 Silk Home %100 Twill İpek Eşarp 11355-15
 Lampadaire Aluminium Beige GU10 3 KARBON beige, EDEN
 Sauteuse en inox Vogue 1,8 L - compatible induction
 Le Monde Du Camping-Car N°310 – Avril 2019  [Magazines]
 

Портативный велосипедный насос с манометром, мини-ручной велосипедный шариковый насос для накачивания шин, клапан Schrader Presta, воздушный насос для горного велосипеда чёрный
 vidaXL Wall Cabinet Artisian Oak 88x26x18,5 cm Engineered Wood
--
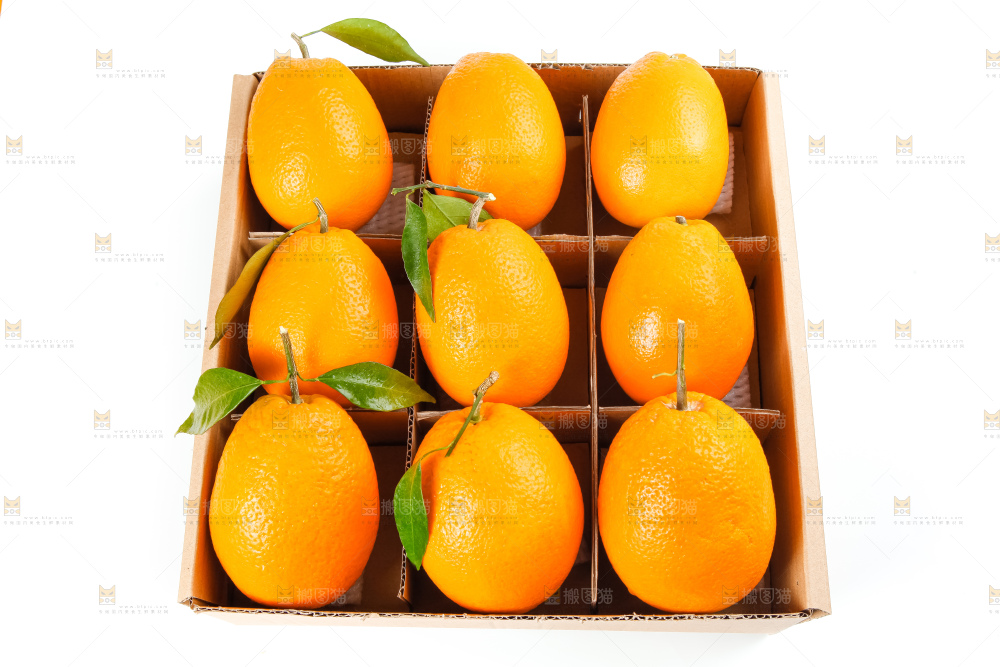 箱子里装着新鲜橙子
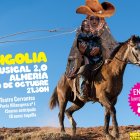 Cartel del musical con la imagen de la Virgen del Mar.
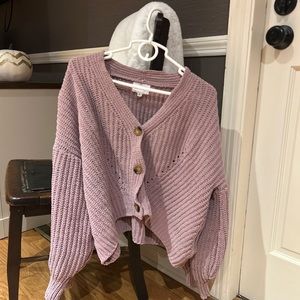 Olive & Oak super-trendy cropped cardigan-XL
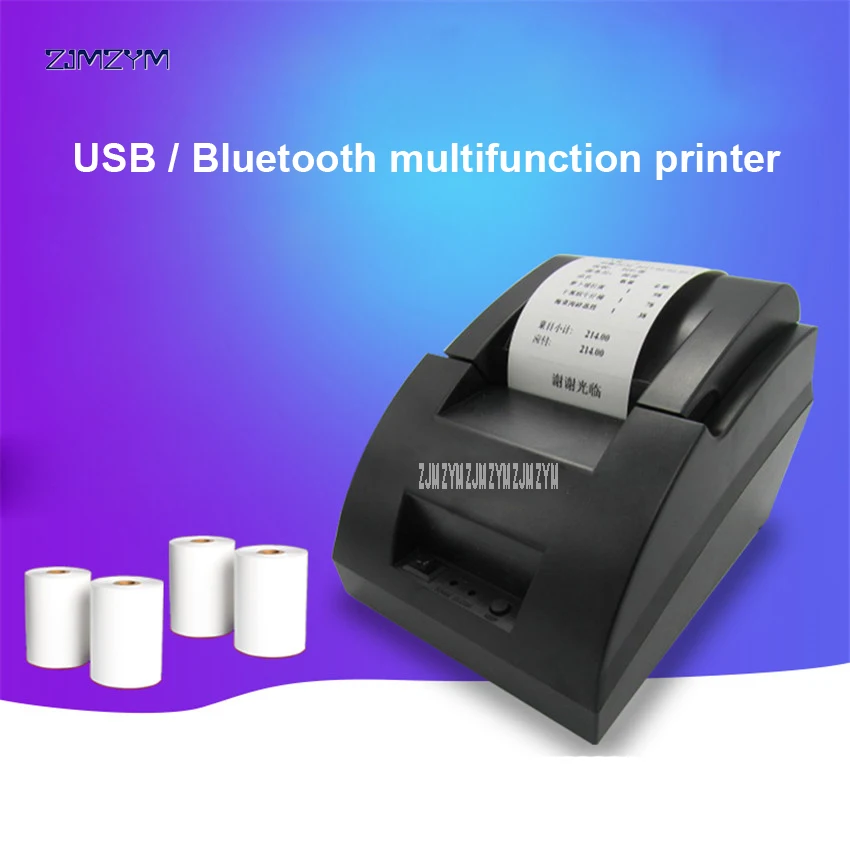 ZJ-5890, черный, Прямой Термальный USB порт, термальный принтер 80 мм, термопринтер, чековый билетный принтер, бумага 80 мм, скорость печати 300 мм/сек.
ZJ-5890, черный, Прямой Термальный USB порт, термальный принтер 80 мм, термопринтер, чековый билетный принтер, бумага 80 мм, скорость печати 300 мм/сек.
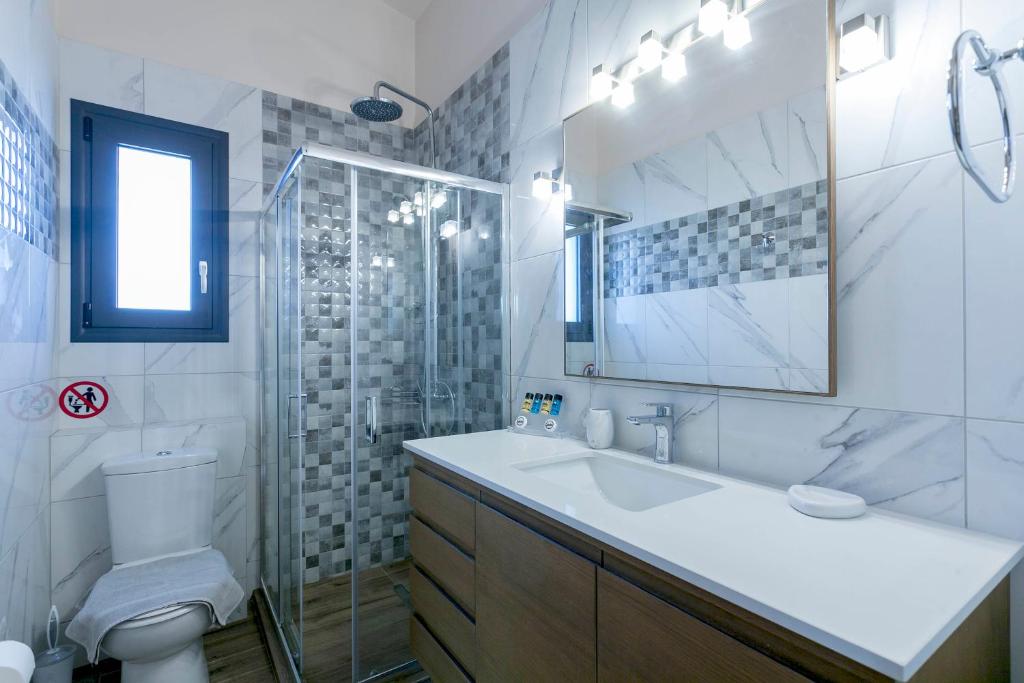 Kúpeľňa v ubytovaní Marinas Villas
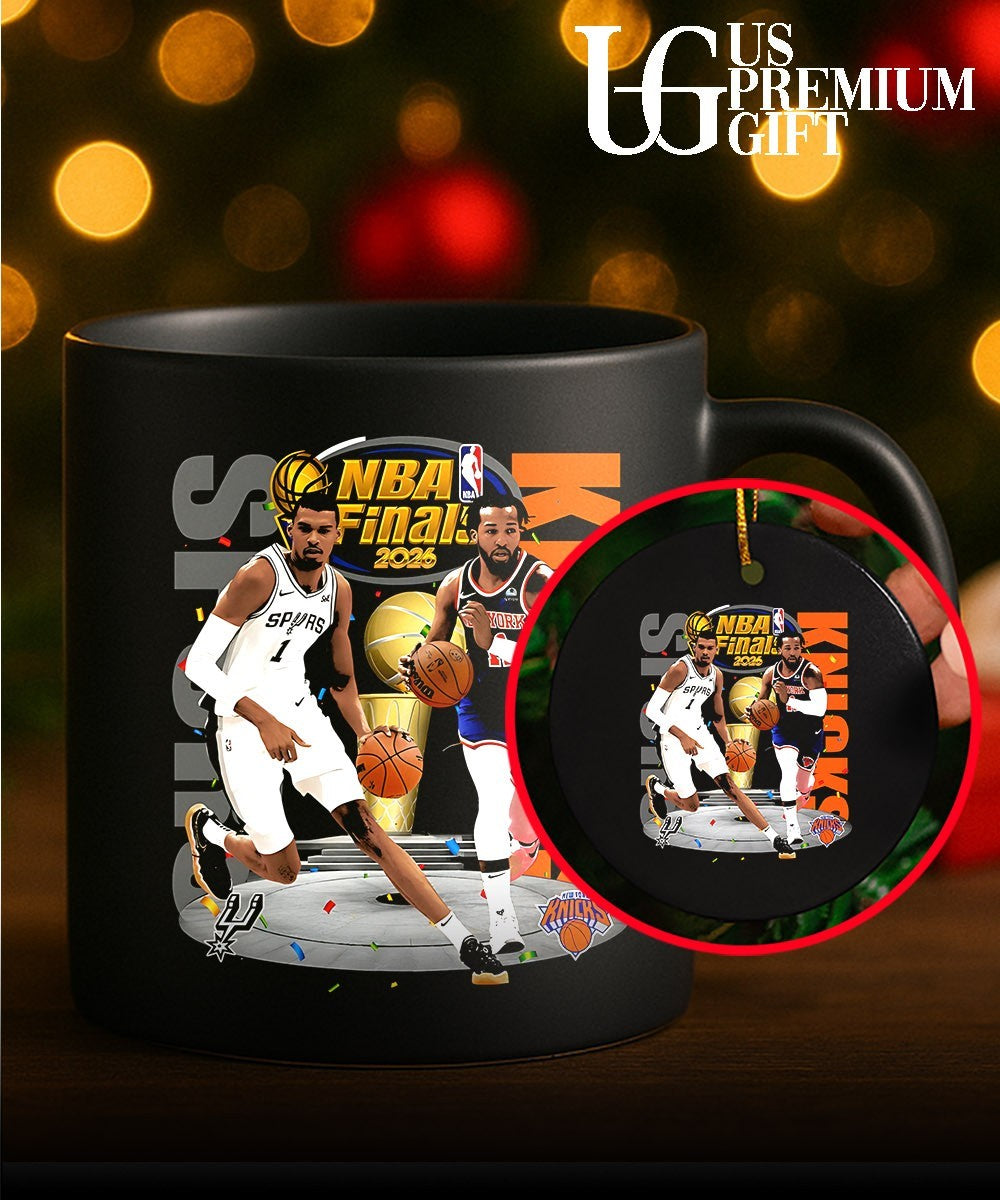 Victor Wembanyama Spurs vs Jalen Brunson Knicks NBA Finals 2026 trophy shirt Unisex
...
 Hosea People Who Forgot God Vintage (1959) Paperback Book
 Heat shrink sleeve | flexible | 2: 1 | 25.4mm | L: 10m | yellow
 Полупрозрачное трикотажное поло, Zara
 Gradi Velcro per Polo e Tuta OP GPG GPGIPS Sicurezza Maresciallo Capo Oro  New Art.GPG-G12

* [AIM OF THE TASK] Look back over the records above. Reproduce exactly everything from the line with "Kúpeľňa v ubytovaní Marinas Villas" down to the line with "Victor Wembanyama Spurs", inclusive, and leave the pictures out.

* [SOLUTION TO THE PROBLEM]
 Kúpeľňa v ubytovaní Marinas Villas
 Victor Wembanyama Spurs vs Jalen Brunson Knicks NBA Finals 2026 trophy shirt Unisex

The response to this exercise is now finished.